The Institute for Christ Centered Manhood aims to foster a desire in men to be the kind of Christ centered fathers, husbands and sons that can lead their families to God and his will in an immoral and wicked world. The Lord challenged his servants to be “Wise as serpents and harmless as doves” see Mathew 10:16. As men and leaders of homes, families, business, and communities, we can play a major role in a renaissance that will return integrity to our spheres of influence. This effort is facilitated in part by this forum and blog where ideas may be shared and problems discussed. I also offer my services as a guest speaker and consultant in organizations, church groups, and service clubs.

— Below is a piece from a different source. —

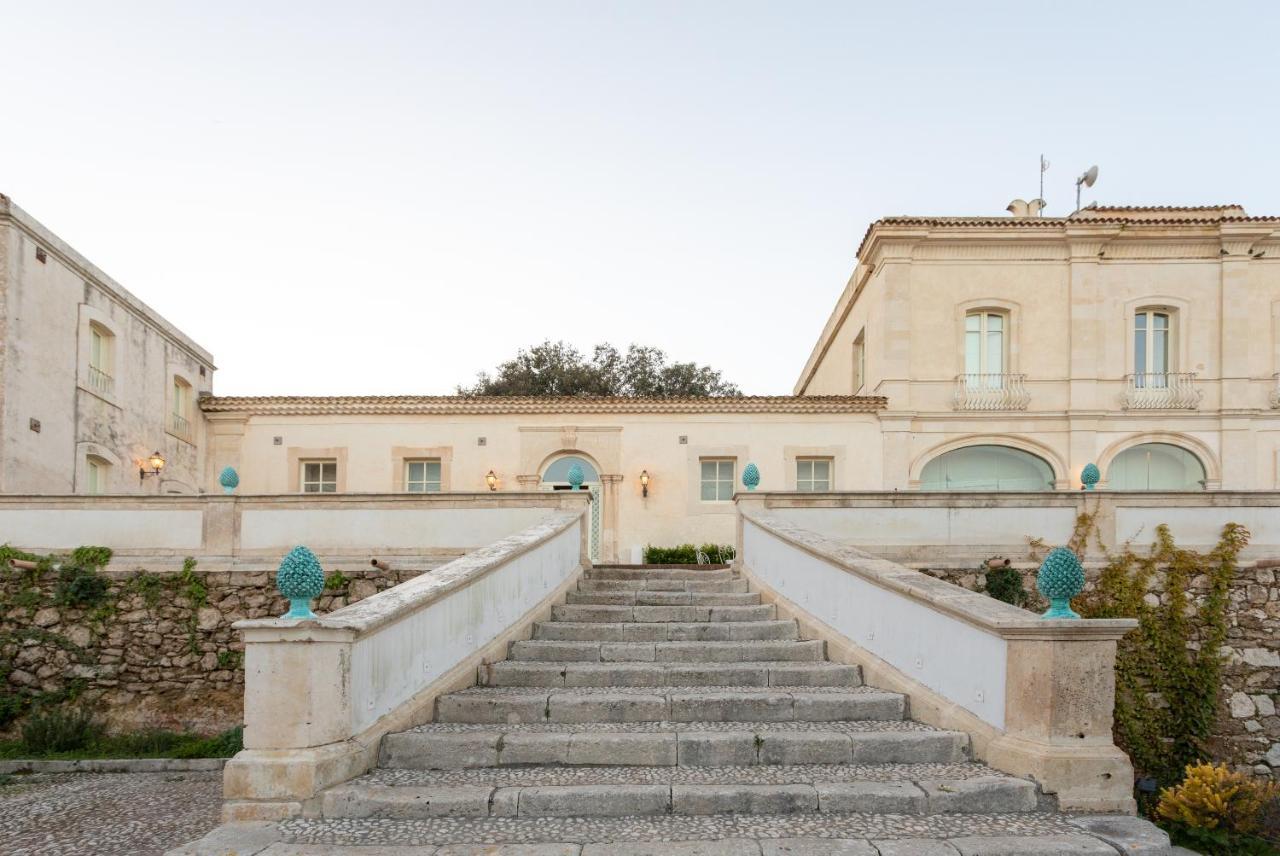 Borgo Di Luce I Monasteri Golf Resort & Spa Syracuse Exterior foto The entrance of the museum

My fees and rates are available by emailing a request.

Thursday, July 26, 2012

Will and Character

It is often said that we are “creatures of habit.”  We speak of exercising “the will” to control or change bad habits or to develop positive habits.  I might try to will my way to a new exercise program and I may strive to lose weight.  I may want to get past an addiction like drugs, alcohol, or pornography.  I exercise my will and try to develop positive habits.  I may share this goal with others and even solicit their support.  These are good positive things it is true.  Your attempts may be sincere.  But what often happens, like in the case of alcoholism, is that we just tend to trade “isms” like we trade in a car for a different one.  “Will” is not enough.  Will is important but it is not enough. 

We must turn our hearts to who we truly are and what we may become.  We need not only understand ourselves and exercise our will; we also need to understand our social geography and our destiny.   We must have a true picture of where we came from, why we are here, and where we are going.   We must develop our character in light of this macro view and our role in the bigger picture.   

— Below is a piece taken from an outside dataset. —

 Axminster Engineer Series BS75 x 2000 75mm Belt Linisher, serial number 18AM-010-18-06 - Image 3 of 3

Will is important, but will does not change character.  Character changes will. 

Friday, July 6, 2012

I recently offered this advice to someone just starting out in the world of leadership.  This got me thinking, so I am developing a workshop for budding leaders focusing on Judeo-Christian leadership principles.  Given the framework of my presentation, I want two more bullet points.  

Any thoughts? 

Here is what I said to the young man:

-“Good leaders must first become good servants” Robert Greenleaf.

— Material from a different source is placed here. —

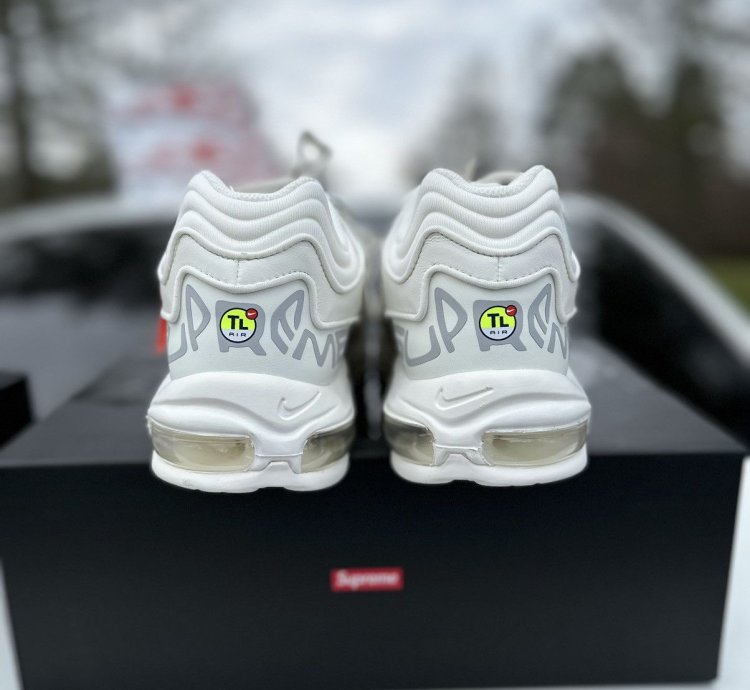 Nike Supreme Air Max 98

- Developing a mentor relationship with another leader is essential.

- Be respectful and enthusiastic in everything you do.

- Get to know yourself and your own weaknesses and do not be afraid of them.

- Gain a vision then keep your hand to the plow and your eye on the mark.

Most leaders are not hired because of what they know but because of who they are. If you can master these five things, you can be a good leader. Without them you will just be a manager.